It is clear our economy is neither robust nor in good health. This threatens the strength of our communities and our ability to continue to lift living standards. Key indicators point to deteriorating national productivity being a major contributor to slowing growth and rising unemployment and underemployment.
As the Reserve Bank warned last Wednesday, interest rate cuts alone won’t do the heavy lifting. A conversation about serious economic reform is needed now, more than ever.
Scott Morrison recently raised the need for business groups to make the case for industrial relations reform. On behalf of our members, peak business representative groups have argued time and again that balanced IR changes are necessary to drive the productivity growth that benefits employees, employers and jobseekers.
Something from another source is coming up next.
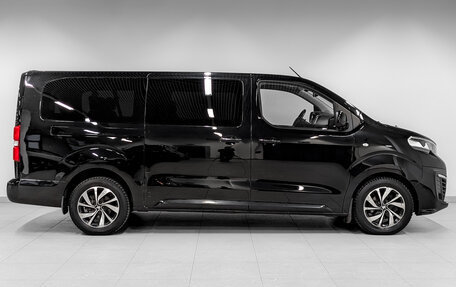 Peugeot Traveller I, 2018 год, 2 895 000 рублей, 4 фотография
The announcement of a review into the system by Industrial Relations Minister Christian Porter is a sensible step to identify areas of concern and inefficiency. Here are some key priority areas we must address.
First, the Ensuring Integrity Bill needs to be passed. Registered organisations and their officials who comply with the law have nothing to fear from these measures. No one can be allowed to regard themselves as above the law, or to operate a business model where penalties for unlawful conduct are regarded as simply the cost of doing business.
Second, the uncertainty and cost risks associated with the Federal Court’s WorkPac v Skene decision need to be addressed through defining a casual employee in the Fair Work Act as “one engaged and paid as such”. This is the longstanding definition in awards and is consistent with community understanding and industry practice.
The absence of a definition in the act led the court to decide that the common law meaning of a casual applies, which focuses on whether the work is regular and predictable. Today a large proportion of casuals work regular hours and 80 per cent work for small businesses.
Third, the “better off overall test” for enterprise agreements needs to be amended so it applies to logical groups of employees, not to every single employee, as the Productivity Commission has sensibly recommended. Today’s test is not workable and a barrier to securing agreements.
Fourth, workers’ entitlements in industry funds require better protection. The Proper Use of Worker Benefits Bill must be passed. Super funds are subject to stringent regulations, but other types of industry funds holding billions in workers’ entitlements are not subject to appropriate governance standards.
Fifth, unfair dismissal and adverse action laws need to be reviewed. Employers who have a valid reason to terminate an employee should be able to have confidence their decision will not be overturned by the Fair Work Commission, or leave them open to potentially crippling compensation claims.
Sixth, enterprise agreements applying to major projects should be able to cover the life of the project’s construction. The maximum term for an agreement is four years but many projects take far longer. It is disruptive for bargaining over wages and conditions to occur at a critical stage of construction.
We do not seek a wholesale rewriting of the Fair Work Act. What we seek are a few key measures, backed by strong evidence, to make the system work better for everybody.
Unduly partisan politics has been a dead weight on substantial reform in recent years and has led in some cases to poor decision making and sometimes none. These issues should be front of mind for all our political leaders. With economic confidence low and unemployment on the rise, failing to act on productivity carries significant risks.
Innes Willox is chief executive of the Australian Industry Group. Steve Knott is chief executive of the Australian Mines and Metals Association.